The beauty and cultural diversity
During my two decades of priestly life, the mission drew me away from my native land of Benin. In Cotonou, the economic capital and a metropolis in the south, where I grew up, I often spent my holidays. My knowledge of the country as a whole was very limited: the other cities and regions in the interior were almost unknown to me. Furthermore, I had not even been able to follow the life of my original Church.
Then, in February 2015, while I was a Councillor of my Institute in Rome, I was appointed Bishop of the diocese of Dassa-Zoumè, in the centre of the country. Then the pastoral visits to the cities and villages of the diocese made me gradually discover and appreciate the beauty and cultural diversity of my country. The many things learned and discovered during those visits enriched me beyond all my expectations. The rural beauty of the villages and countryside; being welcomed warmly, respectfully and helpfully by the people of the villages at every visit; liturgical services greatly enlivened by choirs singing to the rhythm of the drums and in multiple scales. Those festive celebrations encouraged me to respond to the joy of the people at seeing me among them. In the small collections of houses I discovered a Church in full expansion mode, lively and participating: a young Church with different cultural colours and ethnic groups that make one feel pastoral courage and the joy of serving it. I am profoundly amazed by the generous commitment of the faithful, so materially poor but rich in faith.

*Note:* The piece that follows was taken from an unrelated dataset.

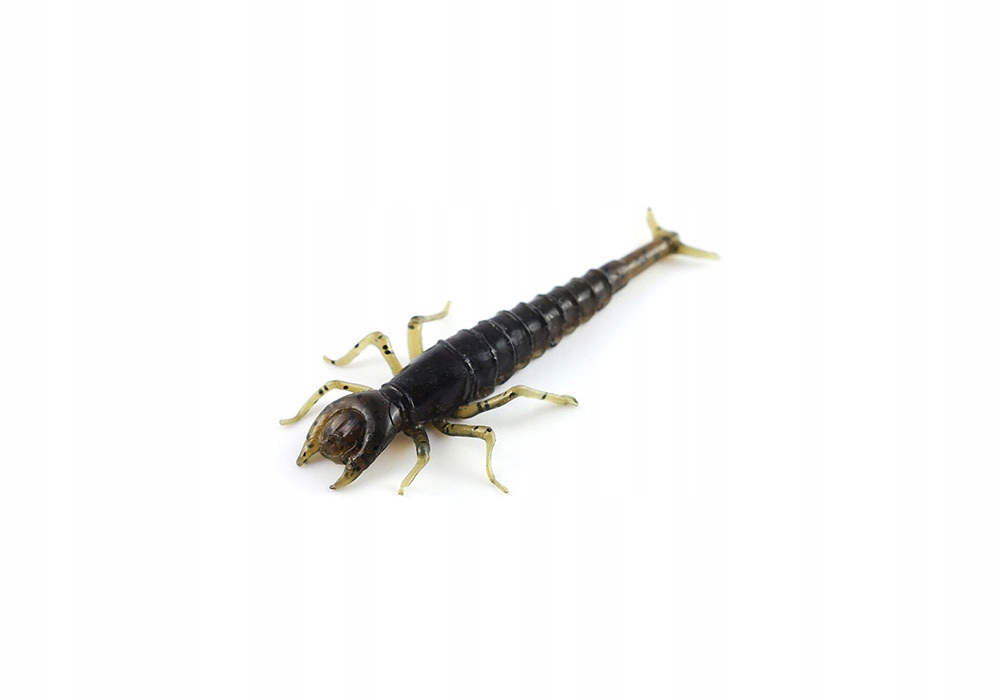 Opakowanie Gum Fishup Diving Bug 043- 50mm 8szt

My mission in Benin also opened my eyes to the misery of a country sick with galloping corruption. I also had the impression that the priests have lost something of their dignity, once nourished by a life of prayer and respect for the evangelical counsels. Obscurantism and fear seemed to dominate the consecrated souls. Despite this challenge and despite the proliferation of new sects, a phenomenon that is gaining in strength, the influence of the Catholic Church of Benin is undeniable.
The number of new adherents to the faith, the motivation of numerous prayer groups, the vitality of very active parish groups and the growing awareness of pastoral agents are all, for me, so many more reasons to have hope. I see this as the way one can learn to know and discover one’s own country and people and how to be a happy missionary at home. The mission can lead to acceptance or rejection. It all depends on the approach of the missionary and the expectations of those to whom we go. Knowing how to listen before speaking is a source of riches. It is in silence and attentive listening that God reaches us and walks with us. As a place where cultural values are gained, as the crucible of a deeper understanding of the Gospel, the mission is a school of knowledge of humanity that only faith in Jesus makes us truly receive and understand. The mission enriches us. The service of God fulfills us. This is my hope.